» What this task involves: Each line below containing the word "data" needs to be shown.
(Beginning of Entries provided)
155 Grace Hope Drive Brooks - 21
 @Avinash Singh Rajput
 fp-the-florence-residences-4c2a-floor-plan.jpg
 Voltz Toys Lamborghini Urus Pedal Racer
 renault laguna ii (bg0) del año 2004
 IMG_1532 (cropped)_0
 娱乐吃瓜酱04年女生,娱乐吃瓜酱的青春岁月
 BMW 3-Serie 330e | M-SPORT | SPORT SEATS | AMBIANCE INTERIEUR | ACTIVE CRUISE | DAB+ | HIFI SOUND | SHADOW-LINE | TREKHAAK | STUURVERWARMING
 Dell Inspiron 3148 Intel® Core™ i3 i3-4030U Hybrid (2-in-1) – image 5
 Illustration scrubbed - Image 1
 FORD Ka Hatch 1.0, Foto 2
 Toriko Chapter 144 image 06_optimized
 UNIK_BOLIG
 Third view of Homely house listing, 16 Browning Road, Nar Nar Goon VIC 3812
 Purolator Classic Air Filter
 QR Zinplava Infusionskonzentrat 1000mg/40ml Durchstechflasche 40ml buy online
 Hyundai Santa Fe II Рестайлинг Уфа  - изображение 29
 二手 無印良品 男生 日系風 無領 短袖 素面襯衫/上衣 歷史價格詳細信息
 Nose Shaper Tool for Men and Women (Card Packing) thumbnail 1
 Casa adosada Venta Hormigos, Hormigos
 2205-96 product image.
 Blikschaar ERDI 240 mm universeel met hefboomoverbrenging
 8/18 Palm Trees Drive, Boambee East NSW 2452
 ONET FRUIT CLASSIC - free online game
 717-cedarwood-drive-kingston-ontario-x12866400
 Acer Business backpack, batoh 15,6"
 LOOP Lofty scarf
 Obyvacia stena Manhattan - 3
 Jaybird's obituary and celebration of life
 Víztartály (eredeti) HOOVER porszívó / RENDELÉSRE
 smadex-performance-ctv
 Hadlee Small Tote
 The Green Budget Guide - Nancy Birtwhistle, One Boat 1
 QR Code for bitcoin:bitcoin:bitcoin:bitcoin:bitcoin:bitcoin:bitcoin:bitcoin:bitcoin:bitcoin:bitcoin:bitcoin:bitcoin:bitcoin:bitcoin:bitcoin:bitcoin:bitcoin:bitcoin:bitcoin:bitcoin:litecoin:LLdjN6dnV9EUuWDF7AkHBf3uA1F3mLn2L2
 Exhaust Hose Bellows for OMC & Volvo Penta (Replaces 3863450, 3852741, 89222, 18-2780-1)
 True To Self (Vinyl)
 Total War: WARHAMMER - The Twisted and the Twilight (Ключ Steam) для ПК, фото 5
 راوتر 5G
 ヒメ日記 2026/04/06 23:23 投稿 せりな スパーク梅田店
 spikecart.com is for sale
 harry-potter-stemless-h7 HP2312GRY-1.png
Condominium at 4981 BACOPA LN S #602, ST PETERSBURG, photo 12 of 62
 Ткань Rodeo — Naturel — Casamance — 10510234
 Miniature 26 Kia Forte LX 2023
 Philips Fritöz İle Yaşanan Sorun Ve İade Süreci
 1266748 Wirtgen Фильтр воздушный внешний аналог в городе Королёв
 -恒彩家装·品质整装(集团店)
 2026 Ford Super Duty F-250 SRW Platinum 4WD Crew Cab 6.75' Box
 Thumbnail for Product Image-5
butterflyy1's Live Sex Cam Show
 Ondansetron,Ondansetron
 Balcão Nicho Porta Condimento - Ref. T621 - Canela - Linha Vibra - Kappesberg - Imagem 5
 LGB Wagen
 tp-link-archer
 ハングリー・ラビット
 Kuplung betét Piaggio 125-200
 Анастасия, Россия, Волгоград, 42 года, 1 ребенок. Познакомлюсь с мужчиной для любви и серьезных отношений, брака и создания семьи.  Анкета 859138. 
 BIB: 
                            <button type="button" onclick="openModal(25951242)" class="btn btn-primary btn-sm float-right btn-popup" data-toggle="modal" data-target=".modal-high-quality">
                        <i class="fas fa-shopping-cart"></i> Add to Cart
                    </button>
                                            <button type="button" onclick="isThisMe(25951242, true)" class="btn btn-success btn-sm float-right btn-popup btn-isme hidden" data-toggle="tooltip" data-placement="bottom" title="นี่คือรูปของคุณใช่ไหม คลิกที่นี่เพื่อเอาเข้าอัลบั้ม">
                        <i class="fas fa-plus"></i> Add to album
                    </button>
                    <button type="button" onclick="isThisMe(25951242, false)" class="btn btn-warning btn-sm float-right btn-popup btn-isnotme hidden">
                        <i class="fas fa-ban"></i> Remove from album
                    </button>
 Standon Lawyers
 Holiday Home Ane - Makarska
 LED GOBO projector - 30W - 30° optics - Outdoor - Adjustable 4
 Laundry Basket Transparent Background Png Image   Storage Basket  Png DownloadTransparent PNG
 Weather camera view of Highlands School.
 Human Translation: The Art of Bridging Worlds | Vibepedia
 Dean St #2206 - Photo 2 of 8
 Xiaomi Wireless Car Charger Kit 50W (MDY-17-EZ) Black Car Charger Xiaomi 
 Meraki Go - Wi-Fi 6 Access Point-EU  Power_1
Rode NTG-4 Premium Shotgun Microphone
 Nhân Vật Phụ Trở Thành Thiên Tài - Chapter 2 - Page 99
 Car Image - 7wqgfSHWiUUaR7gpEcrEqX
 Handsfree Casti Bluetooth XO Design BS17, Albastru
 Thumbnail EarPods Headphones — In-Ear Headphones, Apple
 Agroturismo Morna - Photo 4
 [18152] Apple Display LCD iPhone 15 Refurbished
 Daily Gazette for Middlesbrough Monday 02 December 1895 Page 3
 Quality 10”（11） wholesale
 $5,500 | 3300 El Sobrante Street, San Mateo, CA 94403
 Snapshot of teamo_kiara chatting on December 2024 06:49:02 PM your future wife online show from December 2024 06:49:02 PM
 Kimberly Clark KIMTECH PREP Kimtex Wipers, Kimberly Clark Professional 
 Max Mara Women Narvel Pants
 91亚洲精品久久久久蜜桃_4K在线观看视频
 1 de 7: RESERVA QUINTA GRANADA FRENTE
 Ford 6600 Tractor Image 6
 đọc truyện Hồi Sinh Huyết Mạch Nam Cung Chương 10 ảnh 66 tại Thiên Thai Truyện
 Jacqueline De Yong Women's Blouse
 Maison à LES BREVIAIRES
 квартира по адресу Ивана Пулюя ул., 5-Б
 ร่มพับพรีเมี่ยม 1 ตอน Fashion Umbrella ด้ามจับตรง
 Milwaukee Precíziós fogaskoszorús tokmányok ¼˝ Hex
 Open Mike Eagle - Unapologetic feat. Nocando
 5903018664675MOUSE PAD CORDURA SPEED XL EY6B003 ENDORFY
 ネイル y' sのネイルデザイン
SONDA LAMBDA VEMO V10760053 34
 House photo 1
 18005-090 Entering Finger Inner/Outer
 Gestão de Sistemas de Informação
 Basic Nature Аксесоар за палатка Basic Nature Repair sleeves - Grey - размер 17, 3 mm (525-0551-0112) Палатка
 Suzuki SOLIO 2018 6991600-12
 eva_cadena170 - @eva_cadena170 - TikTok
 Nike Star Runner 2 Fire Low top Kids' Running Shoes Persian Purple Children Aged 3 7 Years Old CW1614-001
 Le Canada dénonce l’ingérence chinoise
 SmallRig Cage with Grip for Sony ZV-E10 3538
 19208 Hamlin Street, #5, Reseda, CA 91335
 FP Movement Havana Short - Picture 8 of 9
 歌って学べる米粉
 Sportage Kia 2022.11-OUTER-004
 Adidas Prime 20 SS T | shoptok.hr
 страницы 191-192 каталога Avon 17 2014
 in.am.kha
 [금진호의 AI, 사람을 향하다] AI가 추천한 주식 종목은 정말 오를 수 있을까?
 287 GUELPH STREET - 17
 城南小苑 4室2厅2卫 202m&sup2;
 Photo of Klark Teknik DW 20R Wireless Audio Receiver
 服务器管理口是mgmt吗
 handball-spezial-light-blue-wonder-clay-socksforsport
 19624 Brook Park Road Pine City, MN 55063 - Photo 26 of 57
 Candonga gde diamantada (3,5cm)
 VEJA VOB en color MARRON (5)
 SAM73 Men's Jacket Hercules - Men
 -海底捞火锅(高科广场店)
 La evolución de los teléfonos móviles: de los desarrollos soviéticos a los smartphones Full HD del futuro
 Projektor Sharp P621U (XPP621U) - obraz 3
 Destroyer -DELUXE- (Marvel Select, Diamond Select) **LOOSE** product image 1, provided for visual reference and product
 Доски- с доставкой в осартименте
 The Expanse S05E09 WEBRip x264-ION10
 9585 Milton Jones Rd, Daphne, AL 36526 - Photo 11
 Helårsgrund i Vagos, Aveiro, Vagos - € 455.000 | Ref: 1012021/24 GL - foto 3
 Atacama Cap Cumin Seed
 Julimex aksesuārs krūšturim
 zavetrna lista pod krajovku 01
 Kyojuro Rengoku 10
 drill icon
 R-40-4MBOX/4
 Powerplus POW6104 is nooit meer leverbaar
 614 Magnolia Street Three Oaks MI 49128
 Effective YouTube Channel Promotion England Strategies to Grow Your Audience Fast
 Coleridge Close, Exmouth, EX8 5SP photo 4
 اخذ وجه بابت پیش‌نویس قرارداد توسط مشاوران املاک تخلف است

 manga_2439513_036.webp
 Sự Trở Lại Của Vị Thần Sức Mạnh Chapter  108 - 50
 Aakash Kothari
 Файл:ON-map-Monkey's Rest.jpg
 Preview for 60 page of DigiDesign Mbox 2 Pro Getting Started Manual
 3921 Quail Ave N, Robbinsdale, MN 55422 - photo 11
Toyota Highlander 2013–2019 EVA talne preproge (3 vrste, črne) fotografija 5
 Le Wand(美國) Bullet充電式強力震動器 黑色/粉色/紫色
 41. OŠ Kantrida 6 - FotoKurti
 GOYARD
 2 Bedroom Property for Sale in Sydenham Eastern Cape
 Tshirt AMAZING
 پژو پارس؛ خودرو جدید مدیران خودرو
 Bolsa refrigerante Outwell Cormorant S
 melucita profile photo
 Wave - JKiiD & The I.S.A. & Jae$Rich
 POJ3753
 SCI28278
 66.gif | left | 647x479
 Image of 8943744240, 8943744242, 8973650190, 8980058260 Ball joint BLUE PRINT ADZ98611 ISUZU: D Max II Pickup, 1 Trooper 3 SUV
(End of Entries provided)
» Solution to the problem:
                            <button type="button" onclick="openModal(25951242)" class="btn btn-primary btn-sm float-right btn-popup" data-toggle="modal" data-target=".modal-high-quality">
                                            <button type="button" onclick="isThisMe(25951242, true)" class="btn btn-success btn-sm float-right btn-popup btn-isme hidden" data-toggle="tooltip" data-placement="bottom" title="นี่คือรูปของคุณใช่ไหม คลิกที่นี่เพื่อเอาเข้าอัลบั้ม">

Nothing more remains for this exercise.